Docker Compose vulnerability opens door to host-level writes – patch pronto

Summary

Docker Compose contained a high-severity path traversal bug (CVE-2025-62725, CVSS 8.9) in its handling of OCI-based Compose artifacts that could let attackers trick Compose into writing arbitrary files on the host. Imperva researcher Ron Masas found that Compose trusted layer annotations and performed a literal path join with the local cache directory without canonicalisation or validation, allowing crafted annotations to escape the cache and write anywhere the Compose process could.

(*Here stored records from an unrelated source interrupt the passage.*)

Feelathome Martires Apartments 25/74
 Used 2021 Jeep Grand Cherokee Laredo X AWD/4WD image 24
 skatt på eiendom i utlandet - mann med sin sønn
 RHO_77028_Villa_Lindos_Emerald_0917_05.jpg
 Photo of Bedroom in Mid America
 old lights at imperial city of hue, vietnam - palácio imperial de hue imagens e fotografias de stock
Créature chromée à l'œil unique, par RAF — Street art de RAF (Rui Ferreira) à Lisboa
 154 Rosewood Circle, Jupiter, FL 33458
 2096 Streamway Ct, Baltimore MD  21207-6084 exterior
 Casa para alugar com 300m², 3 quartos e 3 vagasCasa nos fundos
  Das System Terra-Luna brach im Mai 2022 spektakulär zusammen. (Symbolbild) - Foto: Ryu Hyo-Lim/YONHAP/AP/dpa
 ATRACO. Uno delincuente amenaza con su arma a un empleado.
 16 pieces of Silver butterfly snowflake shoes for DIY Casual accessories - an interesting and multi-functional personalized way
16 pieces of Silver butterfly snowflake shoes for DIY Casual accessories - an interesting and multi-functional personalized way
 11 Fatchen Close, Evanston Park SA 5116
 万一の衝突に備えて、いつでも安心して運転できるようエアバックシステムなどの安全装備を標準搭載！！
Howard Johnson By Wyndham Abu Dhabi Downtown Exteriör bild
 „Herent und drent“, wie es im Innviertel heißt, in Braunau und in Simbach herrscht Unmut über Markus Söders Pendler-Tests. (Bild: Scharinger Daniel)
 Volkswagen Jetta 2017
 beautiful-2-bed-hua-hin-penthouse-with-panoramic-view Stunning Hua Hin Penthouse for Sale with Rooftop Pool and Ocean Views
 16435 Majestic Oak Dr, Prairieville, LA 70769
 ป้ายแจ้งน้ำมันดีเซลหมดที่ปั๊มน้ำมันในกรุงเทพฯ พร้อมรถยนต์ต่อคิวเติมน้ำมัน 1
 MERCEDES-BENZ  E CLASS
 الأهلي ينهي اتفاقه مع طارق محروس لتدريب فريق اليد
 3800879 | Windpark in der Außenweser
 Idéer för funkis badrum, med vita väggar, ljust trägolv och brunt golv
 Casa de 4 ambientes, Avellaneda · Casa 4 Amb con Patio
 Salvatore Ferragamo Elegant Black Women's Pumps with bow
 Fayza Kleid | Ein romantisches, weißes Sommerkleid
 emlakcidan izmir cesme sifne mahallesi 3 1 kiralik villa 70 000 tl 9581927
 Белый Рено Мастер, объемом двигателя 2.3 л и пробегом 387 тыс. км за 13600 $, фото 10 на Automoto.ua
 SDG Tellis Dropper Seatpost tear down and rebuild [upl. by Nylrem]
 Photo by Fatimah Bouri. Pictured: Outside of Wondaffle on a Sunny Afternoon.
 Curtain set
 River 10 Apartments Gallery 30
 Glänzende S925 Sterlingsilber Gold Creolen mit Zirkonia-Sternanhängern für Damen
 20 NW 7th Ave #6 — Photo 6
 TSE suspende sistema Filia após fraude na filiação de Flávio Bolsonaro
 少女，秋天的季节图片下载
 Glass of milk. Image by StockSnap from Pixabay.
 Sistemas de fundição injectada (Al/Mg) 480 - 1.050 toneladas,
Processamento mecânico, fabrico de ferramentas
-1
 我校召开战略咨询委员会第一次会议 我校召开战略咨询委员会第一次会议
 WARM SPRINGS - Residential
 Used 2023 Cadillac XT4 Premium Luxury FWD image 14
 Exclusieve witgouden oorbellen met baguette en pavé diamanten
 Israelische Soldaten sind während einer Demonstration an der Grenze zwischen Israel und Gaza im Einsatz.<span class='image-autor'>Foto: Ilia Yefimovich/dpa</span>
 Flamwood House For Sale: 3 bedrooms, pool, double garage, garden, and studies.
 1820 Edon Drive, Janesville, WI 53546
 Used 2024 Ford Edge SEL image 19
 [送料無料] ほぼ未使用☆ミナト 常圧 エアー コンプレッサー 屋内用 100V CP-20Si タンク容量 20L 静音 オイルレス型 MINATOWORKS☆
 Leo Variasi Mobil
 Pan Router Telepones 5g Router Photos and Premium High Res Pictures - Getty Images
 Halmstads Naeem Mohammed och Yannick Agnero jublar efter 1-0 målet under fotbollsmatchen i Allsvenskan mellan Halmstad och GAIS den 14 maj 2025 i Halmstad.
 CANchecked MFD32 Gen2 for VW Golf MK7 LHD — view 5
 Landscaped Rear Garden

Docker responded quickly and released a fix; users are advised to upgrade to Compose v2.40.2. In a related patch, Docker also fixed a Windows Desktop installer DLL hijack (EUVD-2025-36191, 8.8) caused by an insecure DLL search order, addressed in Desktop 4.49.0. The Desktop release notes also warn future releases will require at least Windows 10 22H2 / Windows 11 23H2.

Key Points

  • CVE-2025-62725: Compose’s OCI artifact support trusted layer annotations and could be abused for path traversal, allowing host-level file writes.
  • Imperva’s Ron Masas discovered the flaw; NIST/ENISA assigned high severity ratings (8.9 for Compose, 8.8 for the Desktop installer issue).
  • Attack vector: a malicious remote OCI artifact or crafted annotation that causes Compose to write outside its cache directory.
  • Fixes: upgrade Docker Compose to v2.40.2; upgrade Docker Desktop to 4.49.0 to close the DLL hijack vector.
  • Risk surface: CI/CD runners, local dev stacks, build pipelines and cloud workspaces that consume remote Compose artifacts.
  • Mitigation advice: sanitize and canonicalise paths, validate remote artefacts, and follow OWASP/ Docker guidance — keep host and Docker up to date.

Context and Relevance

Compose is widely used as a lightweight orchestration layer across development and deployment workflows, making this a meaningful supply-chain and local-host risk. The bug highlights how trusting metadata (in this case, OCI layer annotations in YAML) and reconstructing files automatically from remote sources can quietly breach security boundaries. The separate Windows installer DLL hijack shows Docker has had multiple high-severity fixes recently — so patching quickly is sensible operational hygiene.

Why should I read this

Short and blunt: if you run Docker Compose or Docker Desktop, patch now. An attacker could trick you into fetching a malicious artifact and end up dropping files on your machine or escalating via a DLL placed in a Downloads folder. We skimmed the technical detail and pulled the useful bits — upgrade to Compose v2.40.2 and Desktop 4.49.0, validate OCI artefacts, and keep your host updated. That’s the immediate take-away.